At the same time, growth from digital media reporting this week showed massive levels of expansion against year-ago periods which featured either growth or only muted declines.   Google reported 69% annual ad revenue growth on an as-reported basis, or 24% on average over two years.  Alternately we can see that they posted 71% ad revenue growth excluding all traffic acquisition costs on an annual basis, or 26% for a two-year CAGR.  Facebook may have disappointed analysts given heightened expectations with a year-over-year growth rate for advertising of 51%, but still continued to post a much faster-than-Google 30% growth rate on a two-year basis, as we can see in retrospect how Facebook’s customer base was evidently less impacted by the pandemic than Google’s was.  Amazon, of course, grew even faster and saw its advertising up by approximately 93% on our estimates.  This actually represented an acceleration over essentially all recent growth rates.  Combined the three companies saw approximately 66% ad revenue growth over last year, and a compounded annual growth rate averaging 31% over the second quarter of 2019.

All of these figures reinforce our prior views that other segments of marketers, which we have highlighted in previous reports, such as digital endemics, small businesses and businesses based in China who are selling abroad likely continue to drive the results we see here.
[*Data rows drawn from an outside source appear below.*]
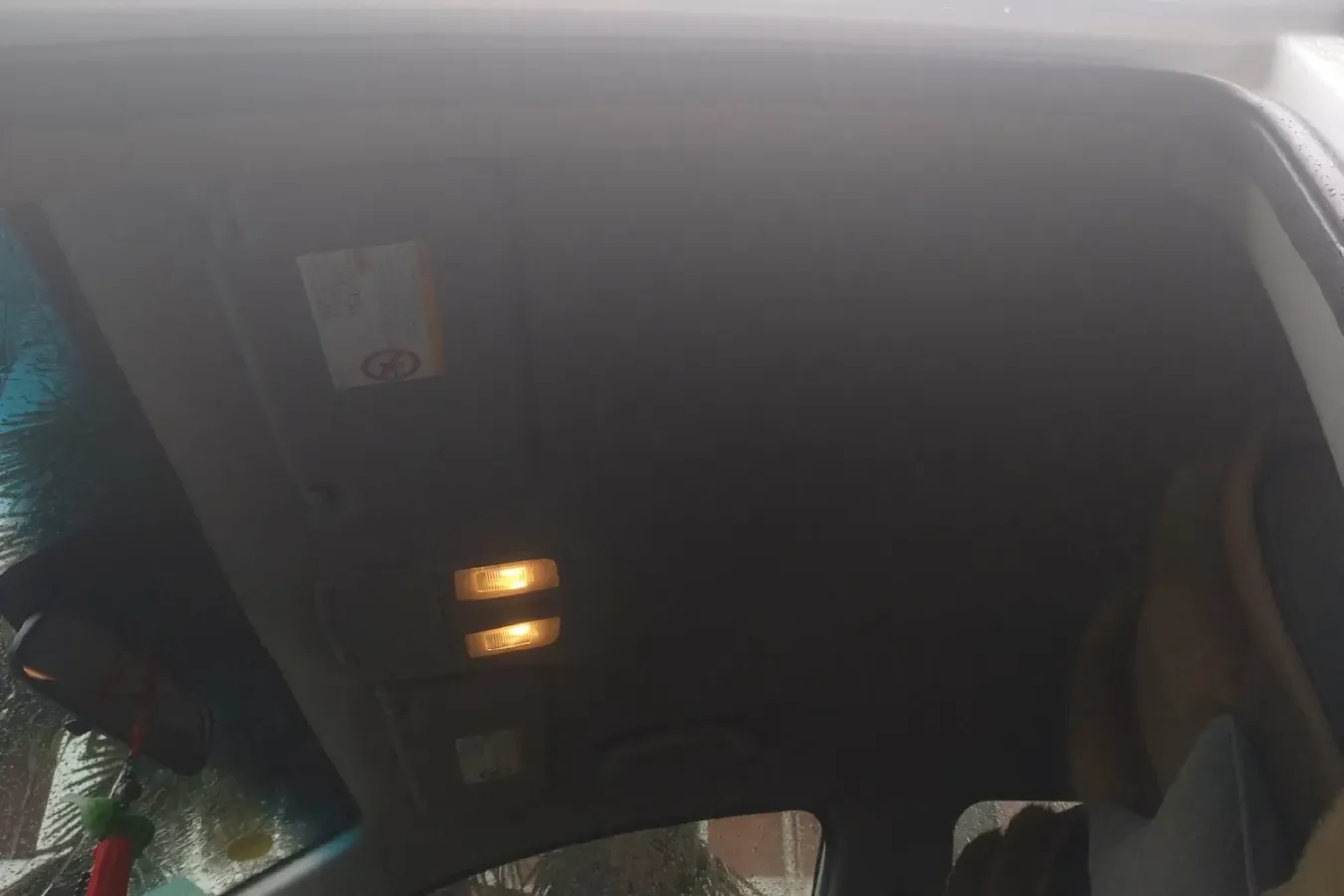 2013 JAC Refine S5 1.8T 163HP L4 6MT,autocango,china used car exporter,china ev exporter,chinese used car exporter,chinese used ev exporter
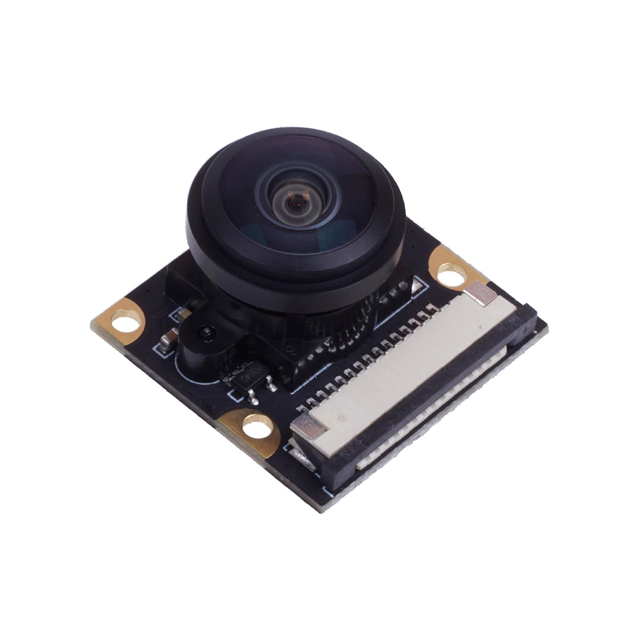 JETSON CAMERA IMX219 8MP 200【114992265】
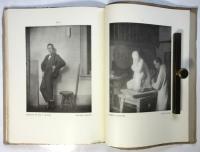 THE PICTORIAL ANNUAL of The Royal Photographic Society of Great Britain 1926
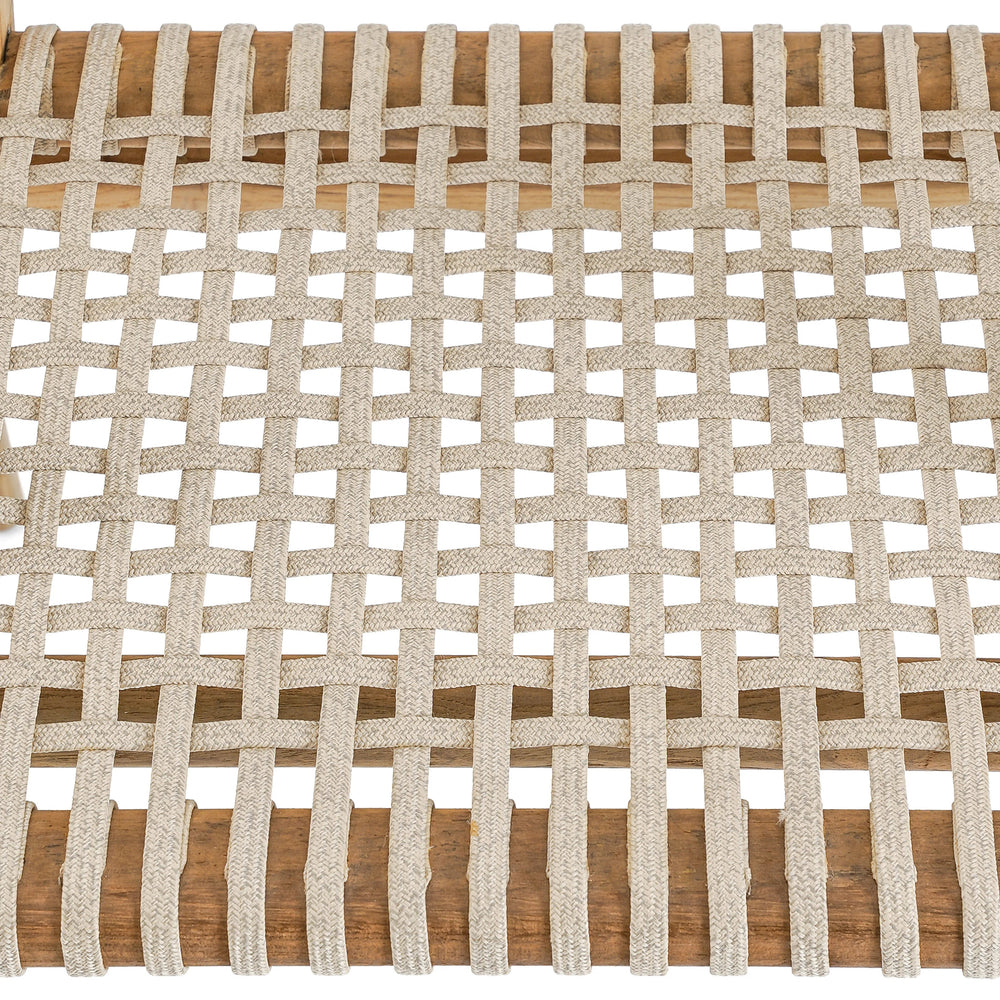 the-trikeri-dining-chair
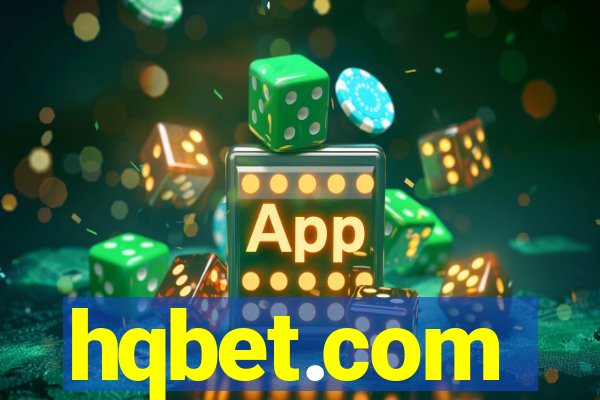 hqbet.com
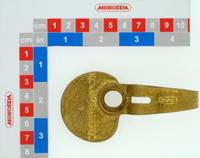 Cde Index Selecteur Ng 6228 Plan 10043019H Du 14.03.22 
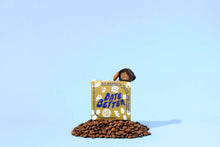Load image into Gallery viewer, Almond Java Crunch, chocolate covered dates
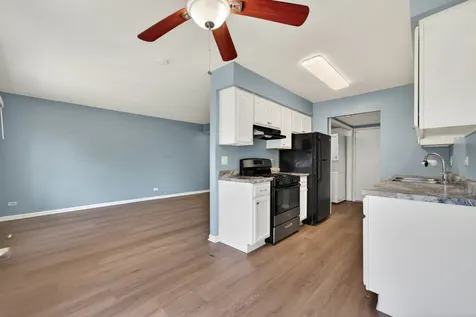 1914 North Alpine Drive Glendale Heights IL 60139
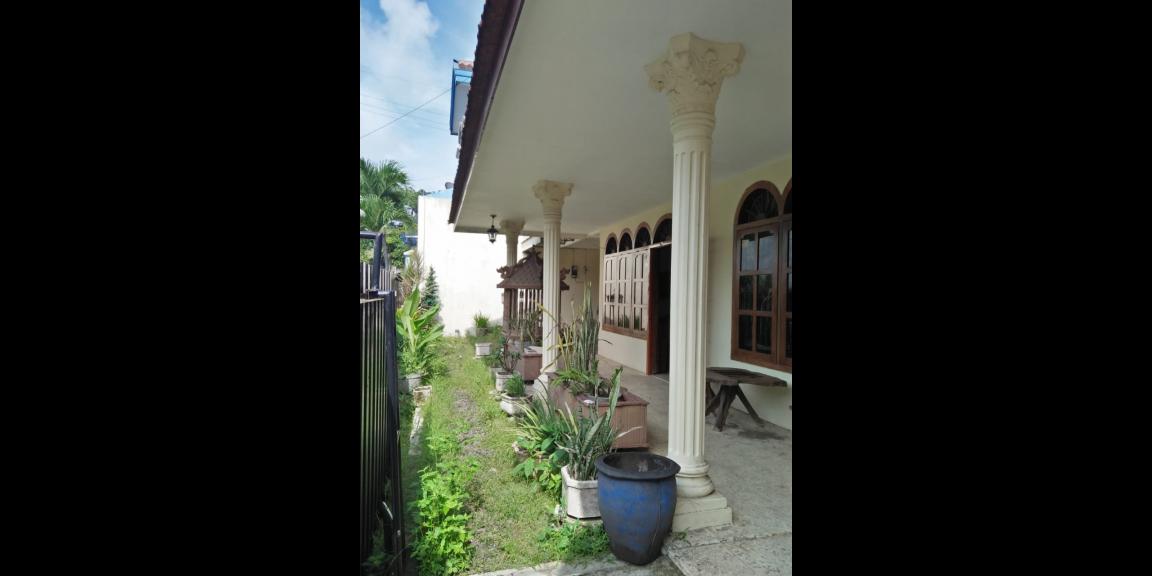 Rumah di Arjosari, Blimbing, Malang ~ 6 Kamar, Sertifikat Hak Milik. Rumah di Arjosari, Blimbing, Malang ~ 6 Kamar, Sertifikat Hak Milik.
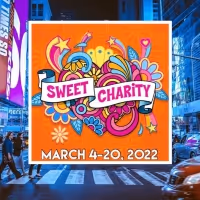 BWW Previews: MUSICAL SWEET CHARITY OPENING at Eight O'Clock Theatre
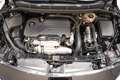 Opel Astra ASTRA SPORTS TOURER [Stoelverwarming Stuurverwarmi Schwarz - thumbnail 26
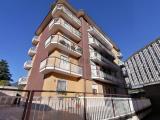 Appartamento, LECCO, 220.000 €, 75,00 mq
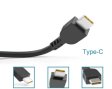 65W USB-C Lenovo ThinkPad X1 Carbon Gen 9 20XW0062IU Adapter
Of note, when we published our most recent forecast for global advertising in June we anticipated normalized (ex-US political) advertising growth of 19% this year.  Within that figure, we forecast digital advertising would grow 26%.   While the year is far from over, if each of these three companies decelerate massively and “only” grow at their two-year average in the next two quarters, we would end the year seeing 38% growth.  As other digital media companies are not exactly going away – see the rapid growth in advertising posted this week from Microsoft, which matched Google’s, or Pinterest’s, which far exceeded it – indications at this time are that despite anticipating record levels of growth across the industry this year when we published last month, those forecasts may turn out to have been conservative.